== Task instructions ==
In the copy, keep every word of the data below and none of its pictures.

== Data segment ==
------------

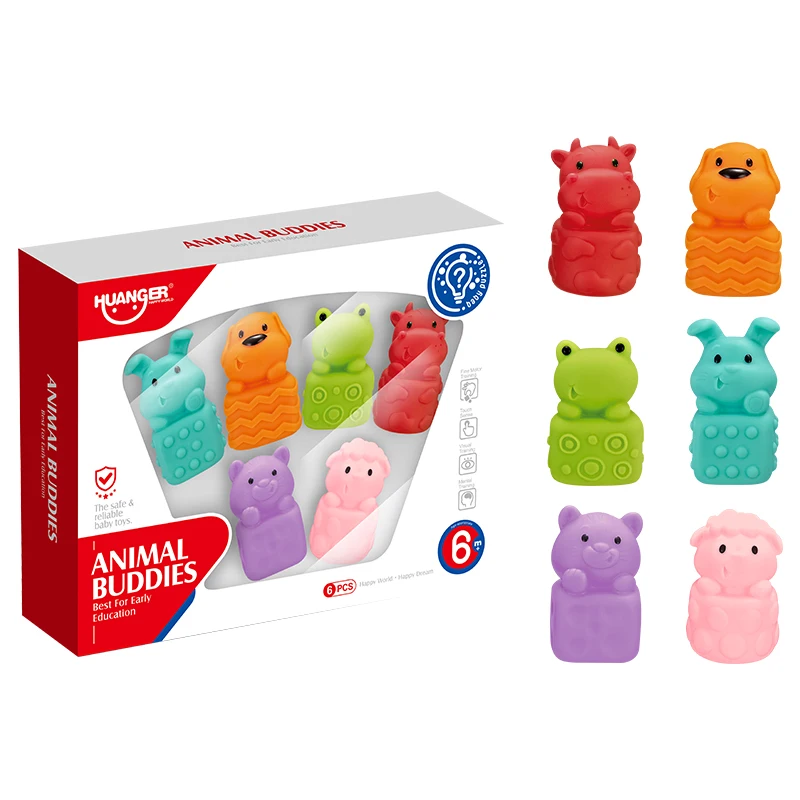 Baby Gift Baby Custom-made Toy Tactile Sensory Balls Touch Baby Sensory Toys Soft Tactile Toys Ball 6 to 12 Months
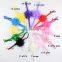 Hot Brand 21 Color Chiffon Flower Baby Girls Lace Infant Weave children Headband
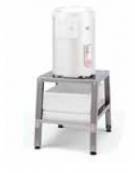 Supporto inox per pelapatate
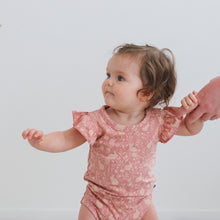 Load image into Gallery viewer, Burrow & Be Mead-Doe Flutter Body Suit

------------

== Result of the task ==
 Baby Gift Baby Custom-made Toy Tactile Sensory Balls Touch Baby Sensory Toys Soft Tactile Toys Ball 6 to 12 Months
 Hot Brand 21 Color Chiffon Flower Baby Girls Lace Infant Weave children Headband
 Supporto inox per pelapatate
 Load image into Gallery viewer, Burrow & Be Mead-Doe Flutter Body Suit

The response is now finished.